The plan to raise money also underscored Tesla’s reliance on the good graces of public-market investors. Mr. Musk indicated last year that he wanted to take Tesla private. Discussions with investors set off a series of events that led to Mr. Musk’s saying on Twitter he had secured funding to do just that. The Securities and Exchange Commission said his declaration was misleading, and Mr. Musk later reached a settlement with the regulator that forced him to step down as the company’s chairman.
Why Tesla needs new money now
If Tesla raises $2 billion, it can use the money as a buffer in case its operations continue to stumble and consume large amounts of cash this year.
In recent months, Tesla has not sold enough cars to cover its operating expenses. Sales of its main product, the Model 3 sedan, tumbled in the first quarter. As a result, the company’s operations used $640 million in cash in the period. In addition, Tesla reported $280 million in capital spending.
The company also paid off a convertible bond in the quarter, using up $920 million of cash. At the end of March, Tesla had $2.2 billion in cash on hand, down from $3.7 billion at end of 2018.
Jeffrey Osborne, an analyst at Cowen & Company, said he expected Tesla’s operations to churn out $835 million in cash this year, but he also predicted that plant and equipment needs would use up $2.4 billion of cash.
More challenges ahead
Tesla is expecting Model 3 sales to pick up as it irons out logistical problems that it says have hampered deliveries in Europe and Asia.

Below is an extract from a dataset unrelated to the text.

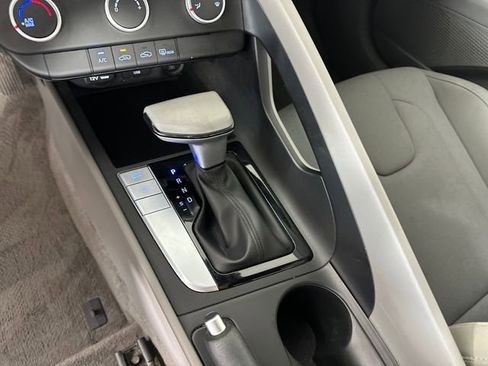 Certified 2023 Hyundai Elantra SE w/ Cargo Package FWD image 20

It is not clear whether demand for the Model 3 is softening in the United States. Sales were particularly strong last year but some of them may have been motivated by the reduction of an electric-car tax credit on Jan. 1. The credit will be reduced again on July 1 and will disappear after this year. And sales of Tesla’s older, more expensive models have recently plummeted, and these generally have fatter profit margins.
But sales are not the only thing that affects Tesla’s cash. The company has plans for new models that include a large truck, the Semi, and a sport utility vehicle, the Model Y. Tesla is also developing facilities in China. And it is thinking about selling its own insurance, which could also require significant amounts of capital.
Will $2 billion be enough?
Analysts think the plan announced Thursday will probably be adequate to finance the production of Tesla’s current models, but they say the company may be back for more cash as it moves to release new vehicles.
Because of production problems, Tesla products have in the past come out long after the company initially said they would. If such delays recur, Tesla’s cash would be depleted and its more efficient rivals would have more time to eat into its market share with their products.
For most of its existence, Tesla has failed to show consistent profits. During the past 10 years, it has posted a profit in only four quarters.
“Tesla is not sustainably profitable or cash-flow positive,” said Ms. Bryan, the analyst, “so this seems like putting a finger in the dike.”